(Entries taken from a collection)
BEGIN

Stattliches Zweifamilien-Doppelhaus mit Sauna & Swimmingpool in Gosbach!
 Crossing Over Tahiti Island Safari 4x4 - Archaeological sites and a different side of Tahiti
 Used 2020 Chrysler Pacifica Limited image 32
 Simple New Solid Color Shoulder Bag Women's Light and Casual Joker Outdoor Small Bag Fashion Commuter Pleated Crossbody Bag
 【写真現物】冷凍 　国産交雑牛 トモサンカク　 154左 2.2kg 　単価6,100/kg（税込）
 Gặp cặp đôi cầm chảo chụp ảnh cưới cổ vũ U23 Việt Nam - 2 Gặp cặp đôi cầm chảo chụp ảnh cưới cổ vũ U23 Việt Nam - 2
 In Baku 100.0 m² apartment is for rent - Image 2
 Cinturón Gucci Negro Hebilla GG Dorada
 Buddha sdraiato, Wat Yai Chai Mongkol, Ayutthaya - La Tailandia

END

_Work instruction_
Your response should consist of the data above, duplicated exactly.

_Solution to this task_
Stattliches Zweifamilien-Doppelhaus mit Sauna & Swimmingpool in Gosbach!
 Crossing Over Tahiti Island Safari 4x4 - Archaeological sites and a different side of Tahiti
 Used 2020 Chrysler Pacifica Limited image 32
 Simple New Solid Color Shoulder Bag Women's Light and Casual Joker Outdoor Small Bag Fashion Commuter Pleated Crossbody Bag
 【写真現物】冷凍 　国産交雑牛 トモサンカク　 154左 2.2kg 　単価6,100/kg（税込）
 Gặp cặp đôi cầm chảo chụp ảnh cưới cổ vũ U23 Việt Nam - 2 Gặp cặp đôi cầm chảo chụp ảnh cưới cổ vũ U23 Việt Nam - 2
 In Baku 100.0 m² apartment is for rent - Image 2
 Cinturón Gucci Negro Hebilla GG Dorada
 Buddha sdraiato, Wat Yai Chai Mongkol, Ayutthaya - La Tailandia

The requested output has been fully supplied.